:: Records for this exercise

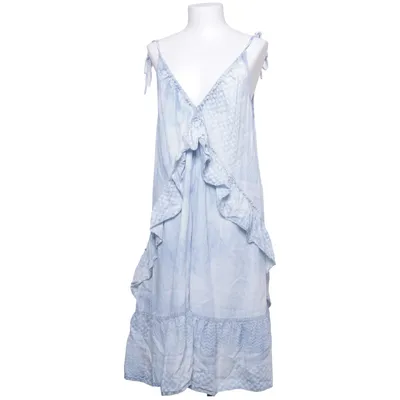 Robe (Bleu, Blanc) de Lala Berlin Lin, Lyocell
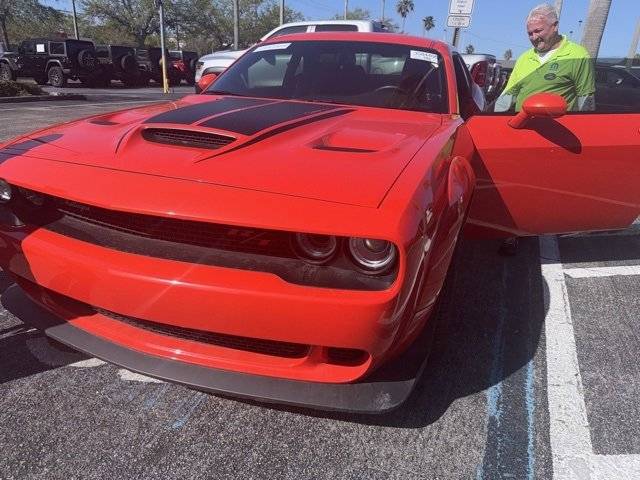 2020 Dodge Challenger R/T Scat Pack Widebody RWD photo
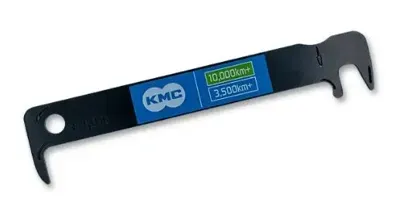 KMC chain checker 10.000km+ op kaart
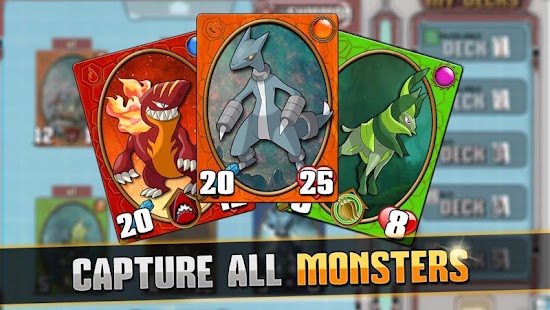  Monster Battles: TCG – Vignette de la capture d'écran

::::
:: Records for this exercise

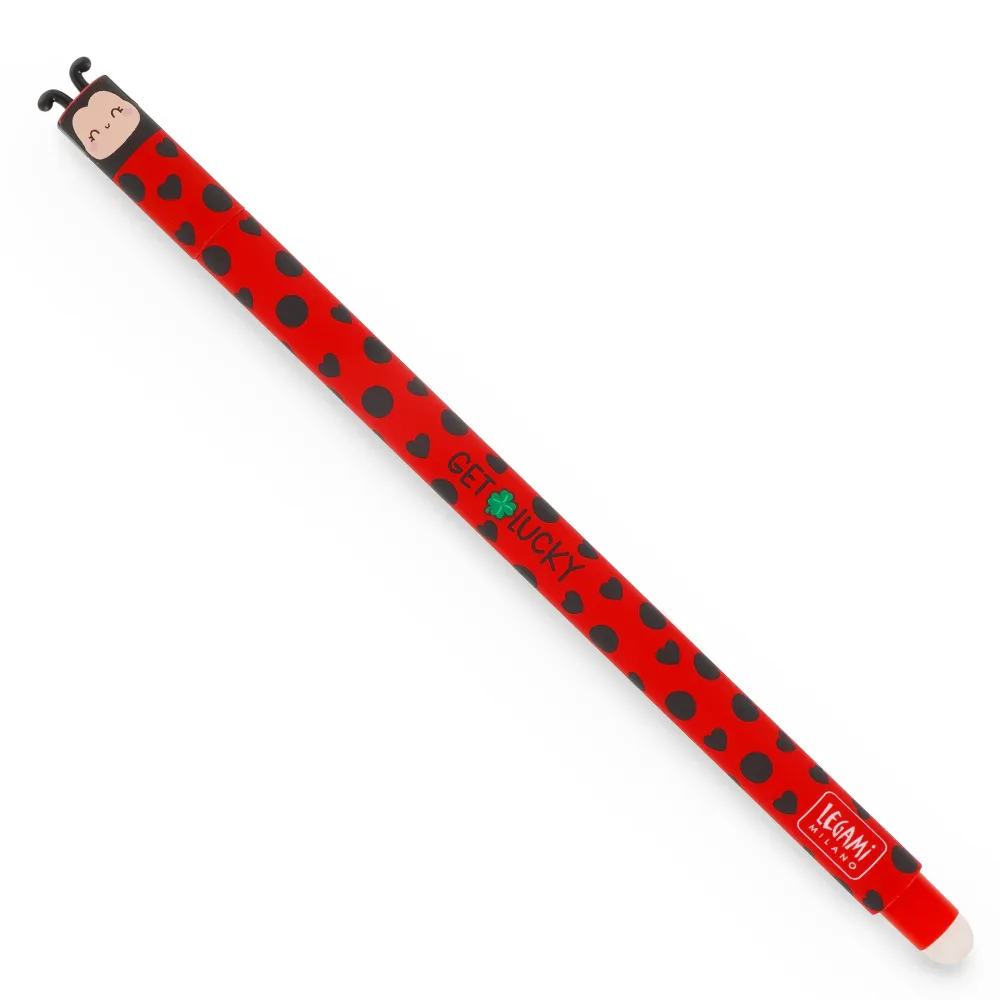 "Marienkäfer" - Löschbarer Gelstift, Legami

::::
:: Records for this exercise

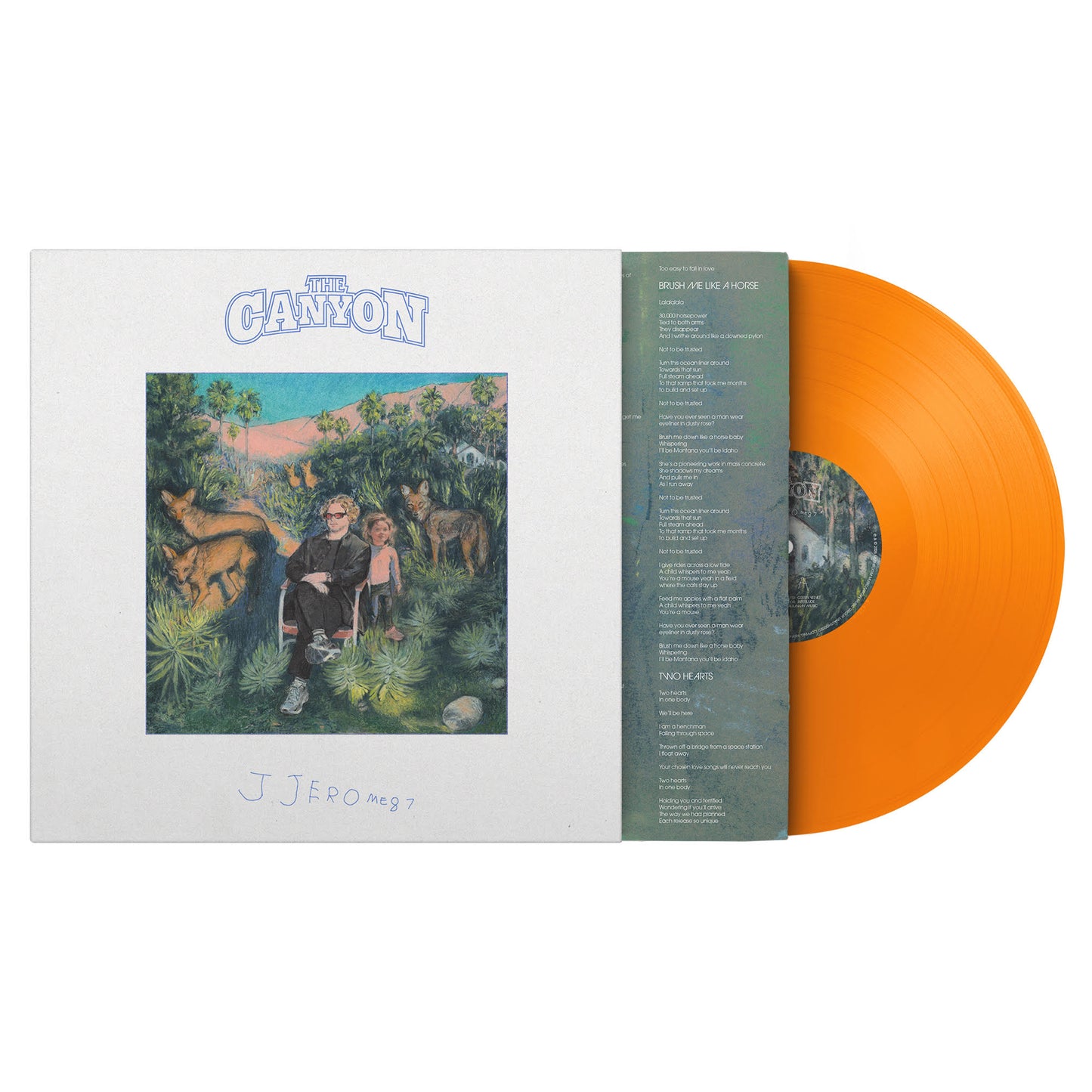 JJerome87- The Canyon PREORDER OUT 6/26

::::

- _Exercise_: Only the lines above starting with the line with "2020 Dodge Challenger" and going on through the line with "Monster Battles: TCG –" belong in the answer; repeat them exactly, minus any picture.

- _Task answer_:
 2020 Dodge Challenger R/T Scat Pack Widebody RWD photo
 KMC chain checker 10.000km+ op kaart
  Monster Battles: TCG – Vignette de la capture d'écran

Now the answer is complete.